We are here today to attempt to have a dialogue not just among States, but also with nature. Although we often forget it, human beings are a force in nature. In reality, we are all a product of the same Big Bang that created the universe, although some only see wood for the fire when they walk through the forest.
These three questions are the point of departure for our discussion today:
First, what is nature? Is it a thing, a source of resources, a system, a home, a community of living and interdependent beings?
Second, are there rules in nature? Are there natural laws that govern its integrity, interrelationships, reproduction and transformation?
And third, are we as States and as a society recognizing, respecting and making sure that the rules of nature prevail?
The philosopher Francis Bacon said that we cannot command nature except by obeying her. The time for superheroes and superpowers is coming to an end.
Nature cannot be submitted to the wills of the laboratory. Science and technology are capable of everything including destroying the world itself.
It is time to stop and reaffirm the precautionary principle in the face of geo-engineering and all artificial manipulation of the climate. All new technologies should be evaluated to gauge their environmental, social and economic impacts.
The answer for the future lies not in scientific inventions but in our capacity to listen to nature.
The green economy considers it necessary, in the struggle to preserve biodiversity, to put a price on the free services that plants, animals and ecosystems offer humanity: the purification of water, the pollination of plants by bees, the protection of coral reefs and climatic regulation.
According to the green economy, we have to identify the specific functions of ecosystems and biodiversity that can be made subject to a monetary value, evaluate their current state, define the limits of those services, and set out in economic terms the cost of their conservation to develop a market for environmental services.
For the green economy, capitalism’s mistake is not having fully incorporated nature as part of capital. That is why its central proposal is to create “environmentally friendly” business and green jobs and in that way limit environmental degradation by bringing the laws of capitalism to bear on nature.
In other words, the transfusion of the rules of market will save nature.
This is not a hypothetical debate, since the third round of negotiations of the World Trade Organization will be about the trade in services and environmental goods.
Humanity finds itself at a crossroads: Why should we only respect the laws of human beings and not those of nature? Why do we call the person who kills his neighbor a criminal, but not he who extinguishes a species or contaminates a river? Why do we judge the life of human beings with parameters different from those that the guide the life of the system as a whole if all of us, absolutely all of us, rely on the life of the Earth System?
Is there no contradiction in recognizing only the rights of the human part of this system while all the rest of the system is reduced to a source of resources and raw materials – in other words, a business opportunity?

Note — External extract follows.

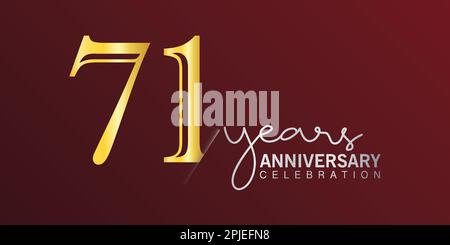 71st anni Logo Oro e rosso colore isolato su sfondo elegante, disegno vettoriale per biglietto d'auguri e biglietto d'invito Illustrazione Vettoriale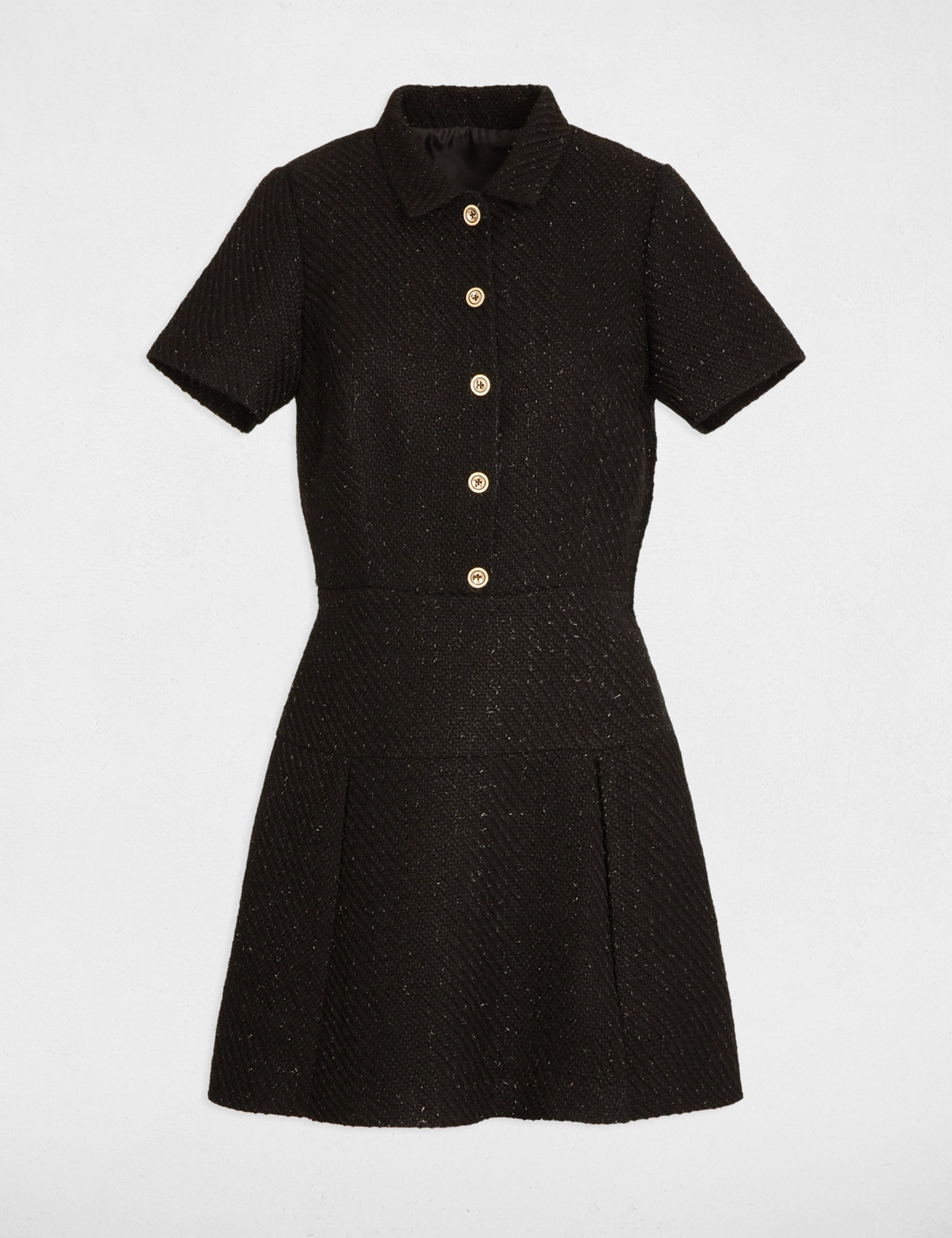 Robe courte cintrée à plis noir femme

To speak of equilibrium is to speak of rights for all parts of the system. It could be that these rights are not identical for all things, since not all things are equal. But to think that only humans should enjoy privileges while other living things are simply objects is the worst mistake humanity has ever made. Decades ago, to talk about slaves as having the same rights as everyone else seemed like the same heresy that it is now to talk about glaciers or rivers or trees as having rights.
Nature is ruthless when it goes ignored.
It is incredible that it is easier to imagine the destruction of nature than to dream about overthrowing capitalism.
Albert Einstein said, “The world is a dangerous place, not because of those who do evil, but because of those who look on and do nothing.”
We have not come here to watch a funeral.